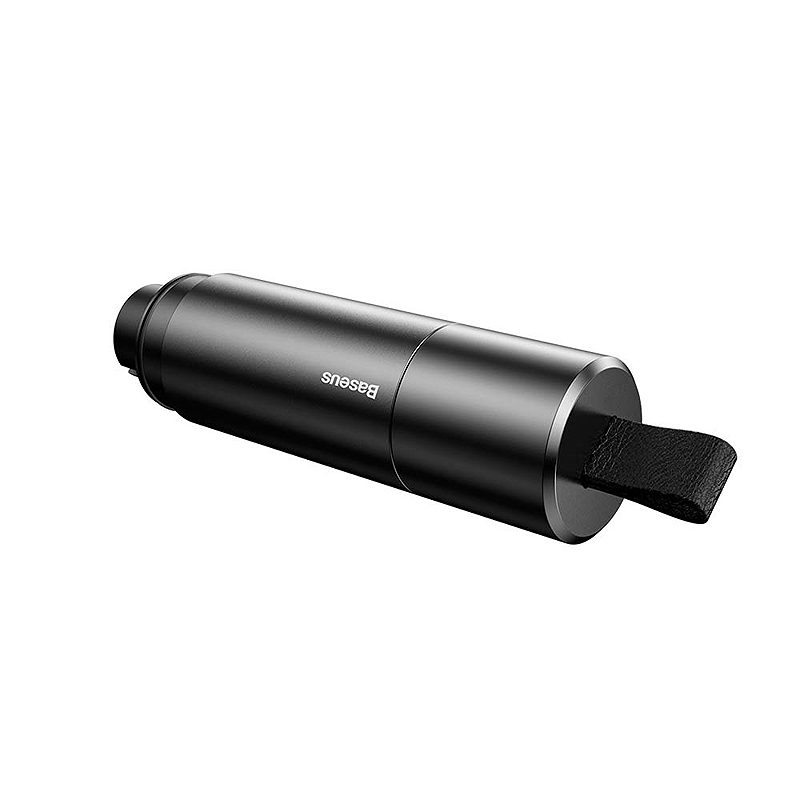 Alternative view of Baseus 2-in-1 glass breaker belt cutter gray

- - - - - - -

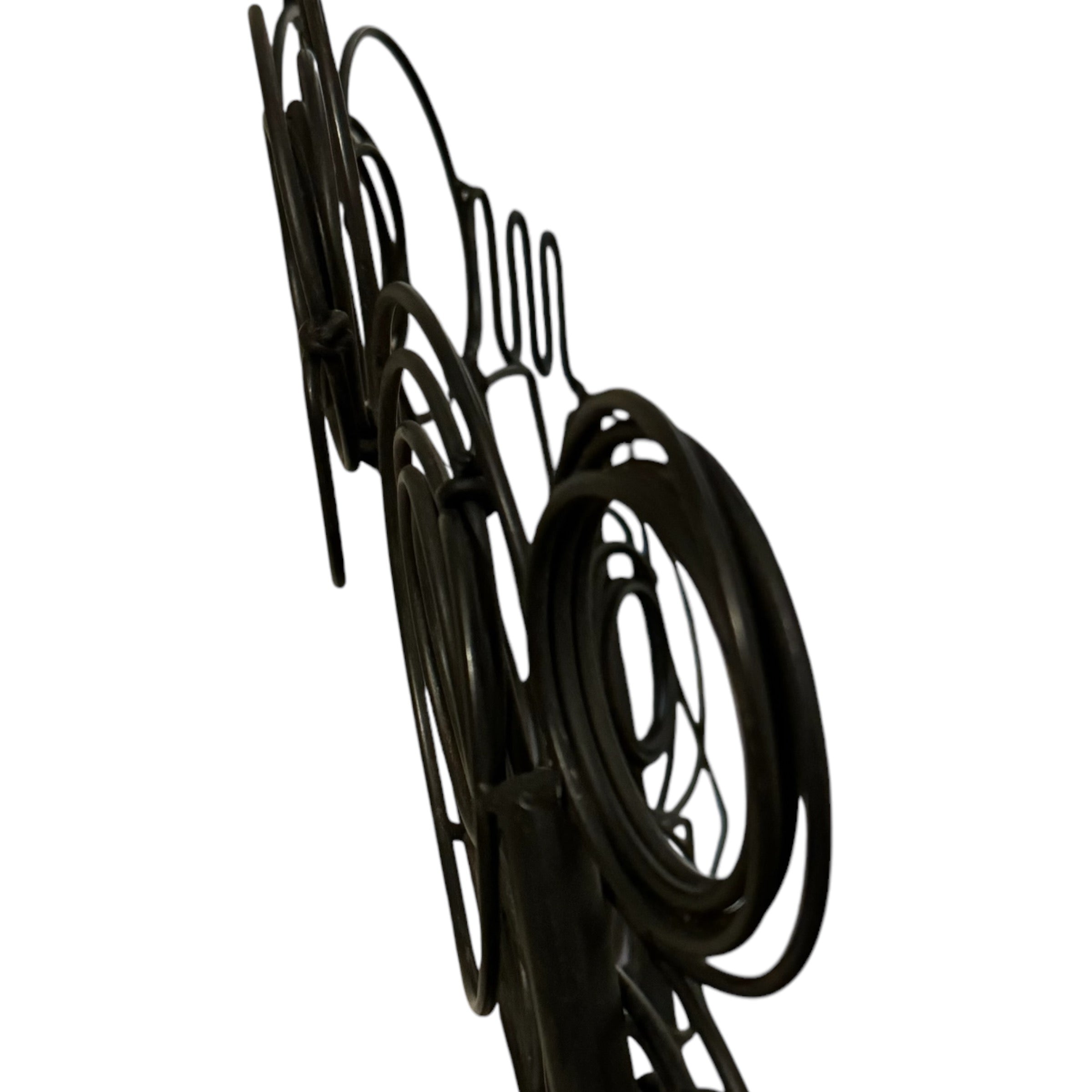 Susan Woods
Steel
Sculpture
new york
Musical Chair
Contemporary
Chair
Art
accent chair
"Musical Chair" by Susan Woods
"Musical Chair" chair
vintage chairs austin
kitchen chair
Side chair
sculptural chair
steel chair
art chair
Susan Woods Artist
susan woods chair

- - - - - - -

Requirement
Copy out, from the data above, every line holding the word "Musical".

Completed exercise
Musical Chair
"Musical Chair" by Susan Woods
"Musical Chair" chair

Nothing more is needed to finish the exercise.